Running this kernel through Oclgrind with a global work size of 1024 but using buffers that are only 4000 bytes in size produces the following error message:

Invalid write of size 4 at global memory address 0x3000000000fa0
  Kernel: vecadd
  Entity: Global(1000,0,0) Local(8,0,0) Group(31,0,0)
    store float %7, float addrspace(1)* %8, align 4, !dbg !21
At line 8 of input.cl:
  c[i] = a[i] + b[i];

This shows us that we were trying to write 4 bytes (one 32-bit float) to global memory. It gives us the specific kernel and line of code, and also tells us which work-item was responsible. In this case, it’s clear that we need to guard these memory accesses by checking that the index is within the bounds of our problem.

Detecting race conditions

Another common bug that arises when writing parallel programs is when insufficient synchronisation is provided when memory is accessed concurrently from multiple units of execution, resulting in a race condition. These defects can be difficult to spot when dealing with complex programs, and might only cause problems on certain devices.

Consider the simple kernel depicted below. Here we have a shared variable named ‘temp’ which is allocated in the local address space, and is therefore shared between work-items in the same work-group.
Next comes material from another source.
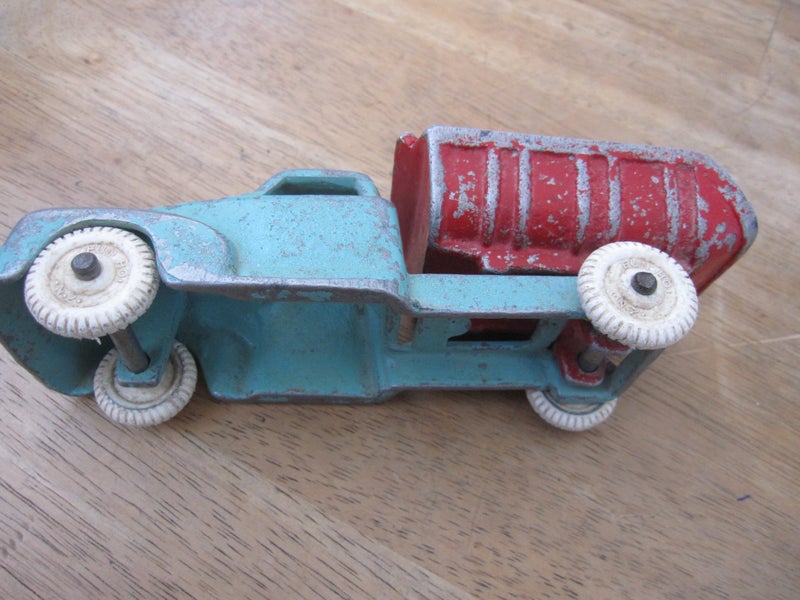 VINTAGE FUN HO UTE DUMP TRUCK Carousel 7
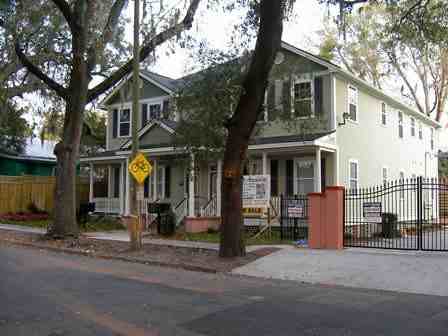 406 E 38th St - Photo 3 of 17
In this kernel, the work-item with a local ID of 1 assigns a value to this variable, and then the work-item with local ID 0 tries to read and use the variable.
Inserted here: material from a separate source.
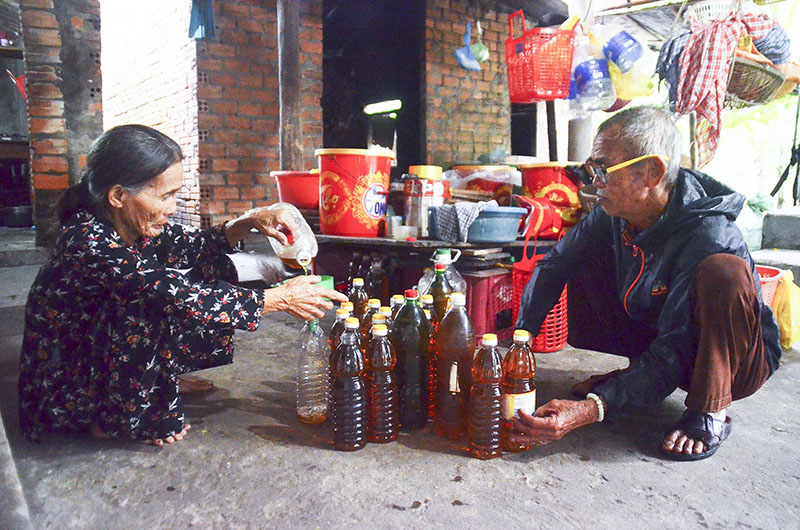 Vợ chồng bà Thơi và ông Bửu ở thôn Mỹ Thủy, xã Hải An bền bĩ gắn bó với nghề làm nước mắm truyền thống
kernel void racy(global float *input, global float *output)
{
  local float temp;
  int lid = get_local_id(0);

  if (lid == 1)
    temp = input[lid];
  if (lid == 0)
  output[0] = temp;
}

We can enable the data-race detection plugin in Oclgrind by passing the –data-races flags. If we simulate the above kernel, Oclgrind will inform us of the potential race with a message like this:

Read-write data race at local memory address 0x1000000000000
  Kernel: racy
  First entity: Global(1,0,0) Local(1,0,0) Group(0,0,0)
    store float %5, float addrspace(3)* @racy.temp, align 4, !dbg !23
  At line 7 of input.cl:
    temp = input[lid];
  Second entity: Global(0,0,0) Local(0,0,0) Group(0,0,0)
    %7 = load float, float addrspace(3)* @racy.temp, align 4, !dbg !26
  At line 10 of input.cl:
    output[0] = temp;

This tells us that we have a data-race on a local memory address, between two work-items with IDs 0 and 1. It also shows the lines of code that were responsible for the problem. Adding a barrier(CLK_LOCAL_MEM_FENCE) between these two statements and then running the code again gives a clean bill of health.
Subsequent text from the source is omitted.